:: DATASET EXCERPTS ::
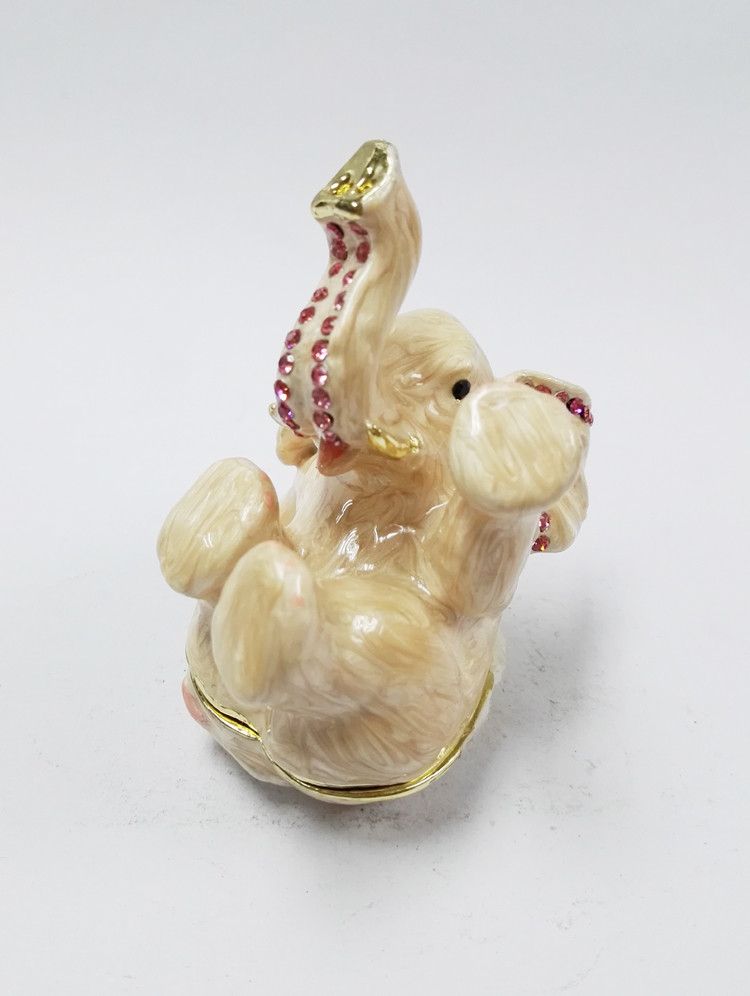 Animal jewelry box meatl pewter elephant trinket box elephant trinket box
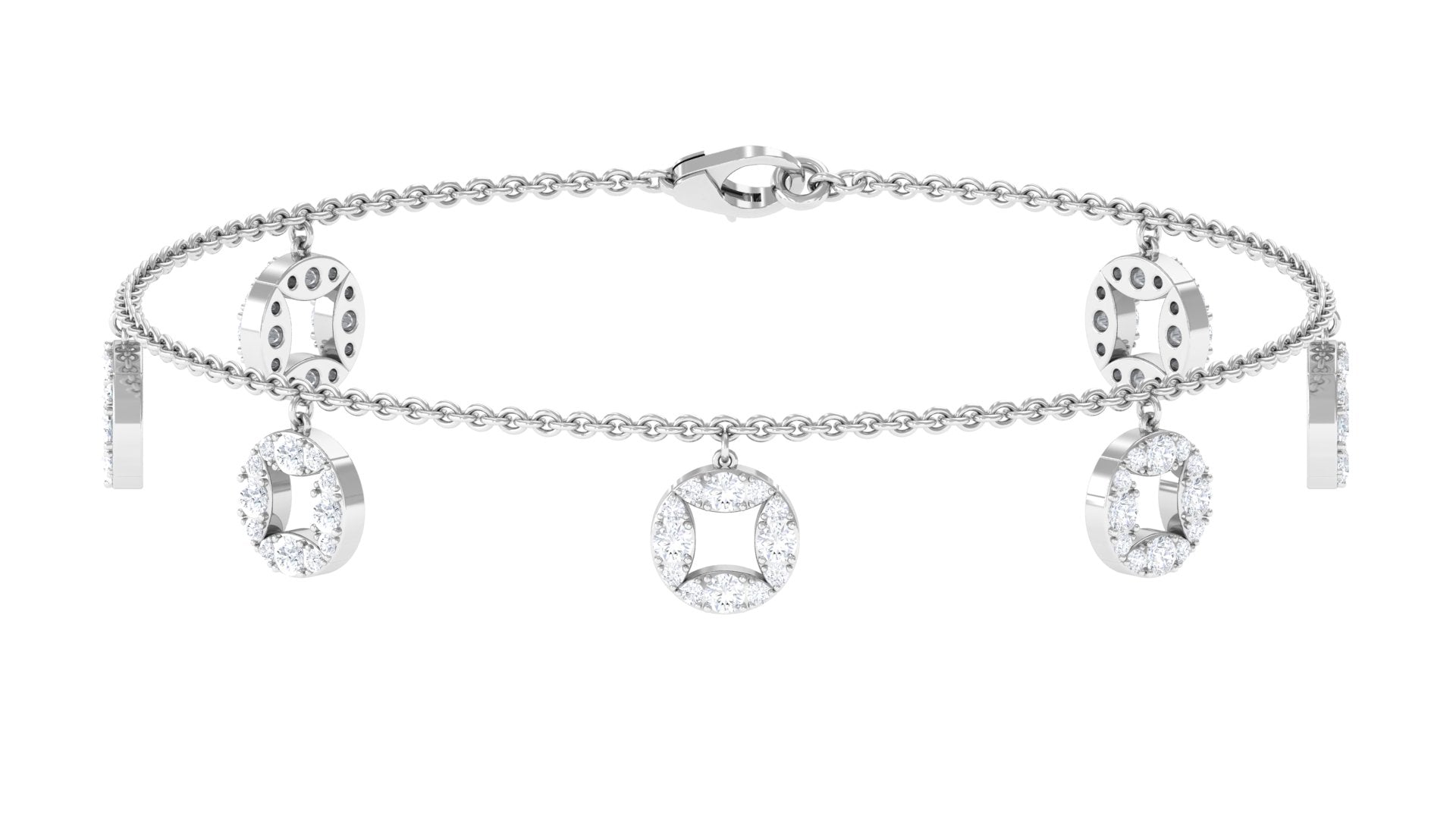 Moissanite Charm Bracelet – Minimalist Women's Chain with Sparkling Round Cut Stones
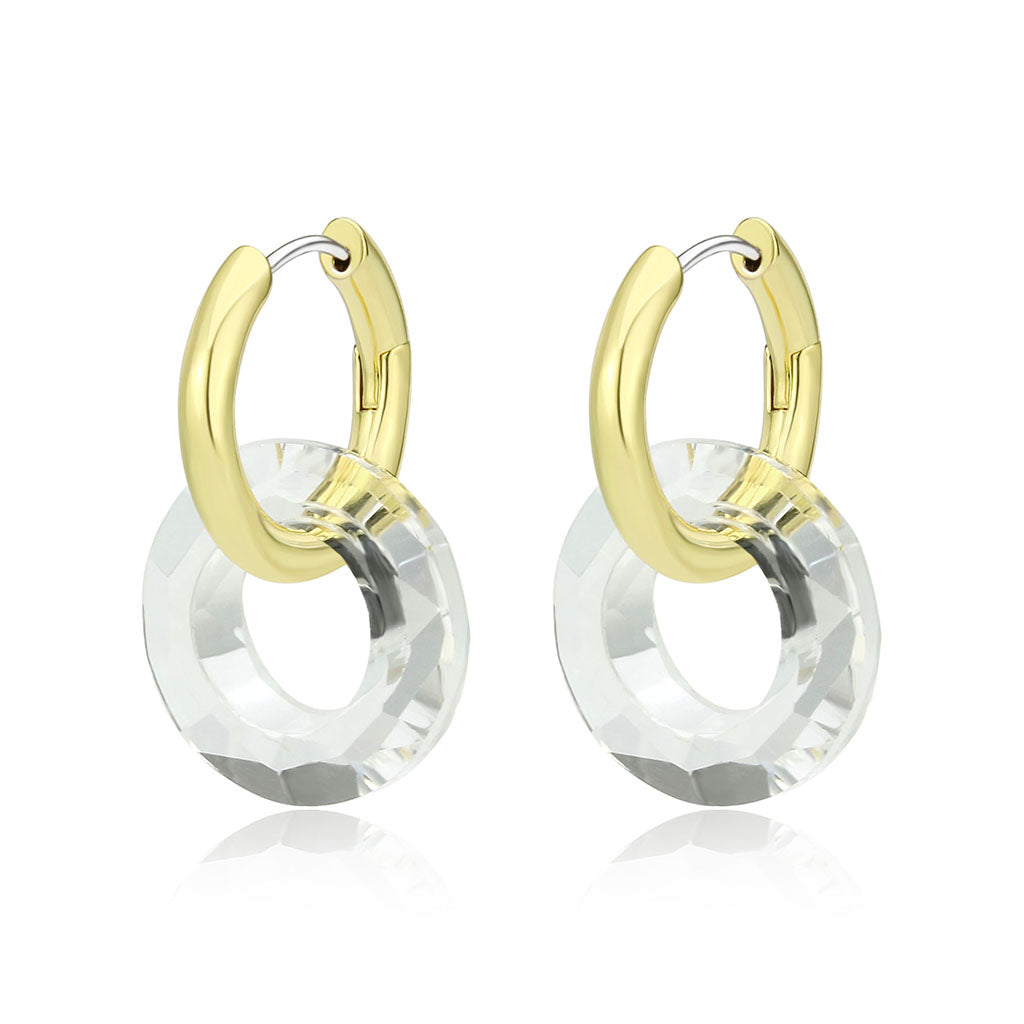 Flash Gold Brass Earring with Synthetic in Clear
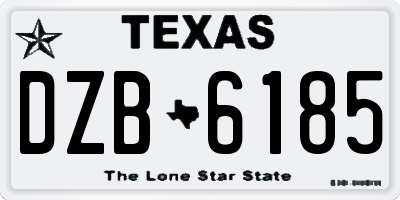 TX license plate DZB6185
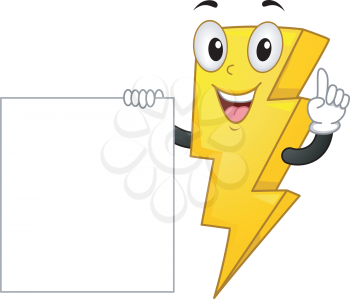 Mascot Illustration Featuring a Lightning Bolt Standing Beside a Blank Poster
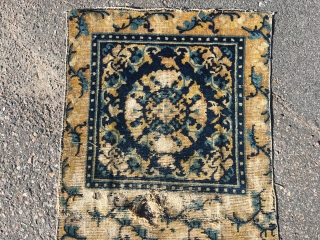 Two Chinese, probably Ningxia, squares from late 18th c. Rough condition, good colours and lovely wool.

:: WORK TASK ::
None of the pictures should be carried over when the data above is transcribed exactly.

:: OUTPUT OF THE EXERCISE ::
 Animal jewelry box meatl pewter elephant trinket box elephant trinket box
 Moissanite Charm Bracelet – Minimalist Women's Chain with Sparkling Round Cut Stones
 Flash Gold Brass Earring with Synthetic in Clear
 TX license plate DZB6185
 Mascot Illustration Featuring a Lightning Bolt Standing Beside a Blank Poster
 Two Chinese, probably Ningxia, squares from late 18th c. Rough condition, good colours and lovely wool.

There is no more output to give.